貴職におかれましては、昨年の労使交渉以降、私たち全教北九州市教職員組合の要求書について鋭意ご検討していただき感謝申し上げます。

さて、2017年度4月より教職員も市費職員となり、勤務労働条件が改定されました。まず、給与に於いては1年間の経過措置があるものの2018年度からは地域手当の減額により給与の年総額が減ります。また、人事院は4月19日に全日本教職員組合等に対し、国家公務員の退職手当の再度見直しで官民格差が3.08%あるという回答を出しました。来年度100万近くの減額になる恐れもあり、公務員全体に退職後の生活への不安をもたらしています。権限移譲と退職金減額で生活設計が大きく狂わされることになりました。また休暇等の見直しでは、病気休暇や、母体保護のための生理休暇や妊娠障害休暇の切り下げは教職員の働き方にいっそうの無理を強いることになりました。また、子育て支援休暇がなくなり子の看護休暇が切り下げられたことは、子どもを育てる教職員にとって大きな痛手となりました。

一方、教育現場では、ご存知のように長時間過密・過重労働が改善されることなく現在も継続し、精神疾患等による病休者も減少は見られません。教育委員会も北九州版働き方改革ともいえる「業務改善プログラム」により働き方見直しについての施策や提言を行っていますが、効率的な公務執行体制の確立や厳格な労働時間管理をさらに徹底し、実効あるものになるよう強く要求します。教職員が、その本務である教育実践に希望と情熱をもって取り組める教育、労働環境の改善・見直しを使用者である教育委員会及び管理職が責任をもって行うことも併せて要求します。
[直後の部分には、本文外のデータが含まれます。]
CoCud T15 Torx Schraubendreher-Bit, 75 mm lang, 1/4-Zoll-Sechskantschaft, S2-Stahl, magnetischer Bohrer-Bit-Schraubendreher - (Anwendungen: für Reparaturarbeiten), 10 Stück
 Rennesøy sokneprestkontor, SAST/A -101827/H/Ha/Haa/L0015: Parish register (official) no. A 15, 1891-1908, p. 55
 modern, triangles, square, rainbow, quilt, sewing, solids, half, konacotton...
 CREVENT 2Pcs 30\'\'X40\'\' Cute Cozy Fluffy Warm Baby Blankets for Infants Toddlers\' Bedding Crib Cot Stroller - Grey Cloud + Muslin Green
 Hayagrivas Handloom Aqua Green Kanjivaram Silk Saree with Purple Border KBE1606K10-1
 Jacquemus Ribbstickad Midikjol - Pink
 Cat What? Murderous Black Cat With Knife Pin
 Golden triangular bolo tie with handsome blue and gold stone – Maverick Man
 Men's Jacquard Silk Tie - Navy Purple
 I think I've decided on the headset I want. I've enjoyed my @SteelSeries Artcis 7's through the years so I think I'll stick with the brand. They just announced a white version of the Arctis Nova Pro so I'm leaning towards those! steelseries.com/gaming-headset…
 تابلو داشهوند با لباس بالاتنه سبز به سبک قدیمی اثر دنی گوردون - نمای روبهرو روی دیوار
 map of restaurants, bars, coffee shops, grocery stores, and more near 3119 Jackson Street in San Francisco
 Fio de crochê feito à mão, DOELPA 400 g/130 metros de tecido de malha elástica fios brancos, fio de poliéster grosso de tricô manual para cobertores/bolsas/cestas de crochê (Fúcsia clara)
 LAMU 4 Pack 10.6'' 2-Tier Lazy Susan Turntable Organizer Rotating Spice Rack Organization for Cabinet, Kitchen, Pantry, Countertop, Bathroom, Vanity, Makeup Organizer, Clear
教育委員会は「効率的な公務執行体制の確立に努め、時間外勤務縮減に取り組むこと」といってきています。しかし、勤務時間外における在校時間が過労死ラインを超える教職員の数はいっこうに減少していません。この間、産業医の面談を受ける時間を惜しむあまり正確な在校時間を記録しない教職員や管理職が退勤入力を早めに促す事例も多数の学校より報告されています。これは職場がいかに過酷な労働環境に置かれているかという一側面を示しているとともに、労働者の健康・安全を守るための労働基準法、労働安全衛生法がまったく遵守されていない違法且つブラック職場になっていることを如実に示しています。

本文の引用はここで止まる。